La naturaleza ñángara que me dominaba en aquel entonces me inclinaba a asegurar que salvo mis amigos barbudos no tenía familia y mi destino no era otro que podrirme en aquel sótano de maltratos y desilusiones. Pero no fue así. Una tarde, uno de los esbirros se me acercó preguntando cómo me llamaba. Un hijo suyo estuvo de paciente en la clínica de mi hermano José Luis y en agradecimiento se ofrecía como enlace con mis hermanos. Y descubrí que tenía una familia tan poderosa que logró hablar con el propio Pérez Jiménez y una semana más tarde en los mismos sótanos de la Seguridad Nacional firmé el pasaporte que dos días más tarde me llevaría a Nueva York, donde vivía mi hermano Omar. Una insólita y desconcertante paradoja: un régimen fascista y militar envía a Nueva York, consagrado corazón del capitalismo, a un «declarado marxista» que ha estado preso en la odiada mazmorra del su mayor enemigo.

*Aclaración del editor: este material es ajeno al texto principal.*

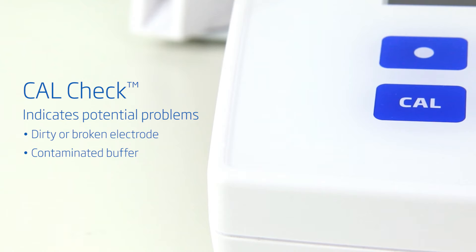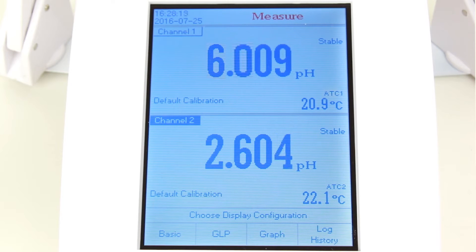After calibration, all the calibration data, including slope, offset, calibration points, and calibration date, are all visible through GLP mode.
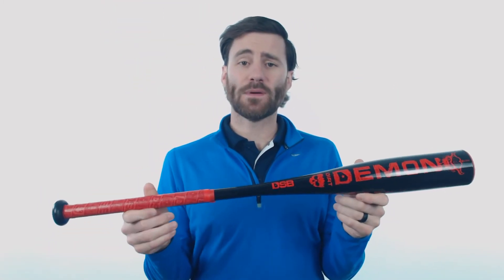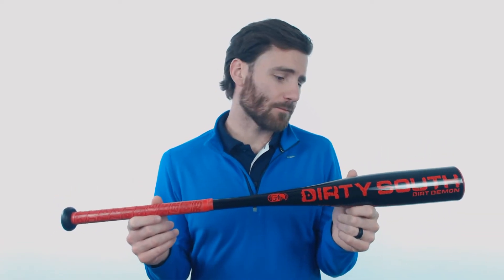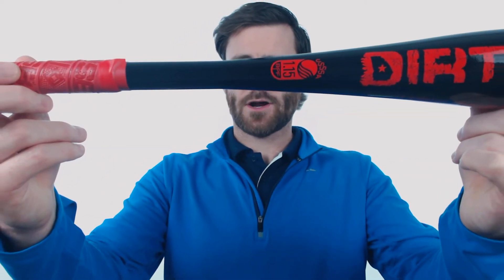Hey, it's Ben from Just Bats. Today I have the Dirty South Dirt Demon Drop 11 USSSA rated baseball bat. If you take a look here, you are going to see a one-piece, all-composite bat, which Dirty South has become famous for. It's got a 2-5/8 inch barrel diameter on it, and it is going to have the USSSA silkscreen stamp right there.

Pero la extravagante historia no impidió el vejamen y los suplicios de varias torturas físicas y psíquicas. Estas últimas podrían condensarse en el abyecto y podrido lenguaje de Aparicio, el sádico alcalde de la cárcel. Llegaba a su trabajo a las 6:00 de la mañana maldiciendo al mundo y a nosotros con densas y estruendosas vulgaridades que me aturdían tanto que secretamente me hacían preferir las torturas físicas. Gritaba cuando veía a un preso conversando con otro: «¡Ep, mucho conversándome con cuyo detenido!».

Mi amigo Simón Sáez Mérida, dirigente político de Acción Democrática, me enseñó algunos trucos para evitar las torturas. Encaramarme con los pies desnudos en el rin del automóvil, la maldita rueda metálica, antes de que el torturador lo ordene. Entonces, molesto gritaba: «¿Quién te mandó a montarte en esa vaina, hijo’e puta? ¡Bájate de allí, coño!». Y uno se bajaba y no sufría esa tortura porque es el torturador quien da la orden y no la víctima.

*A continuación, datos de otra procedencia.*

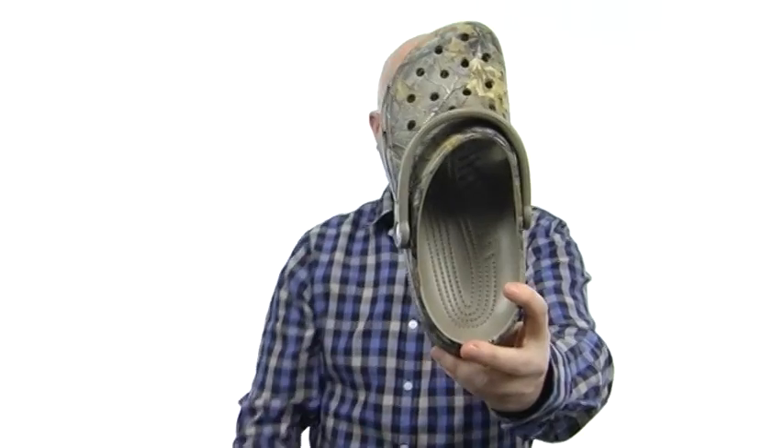It's hard to go wrong with that Realtree camo. Look at that — can you see me? It really works. It's from Crocs.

El torturador puede ser aún más perverso y sofisticado y destina dentro del pabellón de los presos políticos un cuartico para aplicar electricidad a los delincuentes comunes solo para minar el ánimo de los políticos y aturdirlos con los aullidos de las víctimas. Como mecanismo de defensa terminamos por llamar Sábado Sensacional a aquel perverso ultraje. Otras veces sentaban en el pasillo durante horas a la víctima cuando descubrían que era un poeta y ocasionalmente pasaban frente a él a un preso ensangrentado arrastrado por un esbirro sonriente y satisfecho.

Me agrada contar la historia que sigue porque vive en ella la luz de la imaginación y los resplandores de la libertad. Guillermo Sucre se acercaba, me veía y decía: ¡Vámonos! y caminábamos dos o tres pasos en aquel pabellón de tristezas y estábamos en Paris en el boulevard Saint Germain des Prés, viendo a Sartre y a Simone de Beauvoir tomando café en Les Deux Magots; bebíamos una cerveza en La Coupole, en Montparnasse o caminábamos por el Boul’ Mitch, y cuando nos sentíamos cansados regresábamos a la prisión. Nunca me he escapado tantas veces de una cárcel como entonces.

Pero era mucha la tristeza y la nostalgia.

Desde un cubículo anexo al pabellón se encontraban varios compañeros pagando extremado castigo y uno de ellos, un amigo muy querido, me llamó y dándome por una rendija un toconcito de lápiz y un papelito me pidió con voz de lágrimas que le escribiera un poema para no sentirse solo a pesar de estar compartiendo su desgracia con otros desdichados. Lo hice. Me sabía de memoria el último poema que escribió Robert Desnos a Yuki, su mujer, en el campo de concentración nazi de Theresienstadt, Checoslovaquia, donde murió de tifus un día antes de que el campo fuera liberado por las tropas aliadas y lo anoté en el pedacito de papel.

«Te he soñado tanto, /he caminado y hablado tanto de ti, /amado tu sombra/ que nada me queda de ti/

Solo me queda ser sombra entre las sombras,/ ser cien veces mas sombra que la sombra./ Ser la sombra que vendrá y volverá/ en tu vida llena de sol».

Era un homenaje a Desnos, animaba a mi amigo y establecía la certeza de que la poesía, es decir, yo mismo, vive, canta y vence al tiempo más oscuro y tenebroso.